Sullivan compared the controversial DMCA to a "kind of digital straightjacket" that restricts even people who purchase DVDs from copying them or using them in other ways, such as using digital excerpts in presentations, that courts have deemed permissible under U.S. law.

"It's as if the laws, as applied, say you can't print a blueprint of a copying machine," Sullivan said.

She said that because of the "straightjacket," DVD owners can't make fair use of their purchase -- which shows that the DMCA goes further than other copyright laws have.

That didn't seem to persuade the judges, who appeared unwilling to spend much time considering whether the DMCA was unconstitutional.

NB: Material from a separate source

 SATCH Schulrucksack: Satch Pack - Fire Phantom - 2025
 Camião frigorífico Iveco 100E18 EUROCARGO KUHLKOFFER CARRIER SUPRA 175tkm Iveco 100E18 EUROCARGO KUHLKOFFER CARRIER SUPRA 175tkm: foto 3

Newman said that fair use still was possible if a lower-quality analog copy was made, instead of a high-quality digital copy. "Have we ever said you not only get to make fair use, but you get to make fair use in the most technologically modern way?" Newman said. "You haven't told me one fair use that's been eliminated."

He suggested that The New York Times didn't "need the digital format to write their reviews."

Another member of the panel wondered if software such as DeCSS was protected by the First Amendment's guarantee of freedom of expression. "What is the expressive content?" asked Jose Cabranes.

Sullivan responded that DeCSS was expressive because of "the beauty of the program" and its scientific and educational value.

Another federal appeals court has ruled that source code -- which is easier for humans to read and often includes English-language comments -- is covered by the First Amendment. But that ruling did not apply to compiled code, such as DeCSS.

2600 is appealing its loss during a trial that took place last summer. U.S. District Judge Lewis Kaplan ruled last year that distributing the Windows utility violates the DMCA.

Kaplan's injunction barring the hacker-zine from posting DeCSS also restricted hyperlinks to copies of the utility, something that Sullivan argued went too far. The judges seemed convinced that mainstream news organizations should be able to link to DeCSS, and pointed out that Kaplan's order only applied to 2600 and anyone acting "in concert" with it.

At one point, Judge Alvin Thompson asked: "Would it satisfy you if this court were to modify the injunction?"

Chuck Sims, the Proskauer Rose attorney who argued on behalf of the movie studios, said that Sullivan's "fair use" metaphor was wrong-headed.

"There are many paintings that have passed out of copyright," Sims said. "But that doesn't give me the right to go into someone's living room to see it."

Sims said that "I did not hear a serious argument that the (DMCA) statute is subject to strict scrutiny."

He was referring to how deferential courts are to acts of Congress when weighing how censorial they are. Laws regulating political speech receive strict scrutiny, but the movie studios say that the DMCA should receive more deference from the courts.

Also arguing in defense of the law was the Justice Department, which intervened in this case on behalf of Hollywood.

The panel gave both sides until May 10 to file 10-page supplemental briefs. A ruling could come at any time thereafter.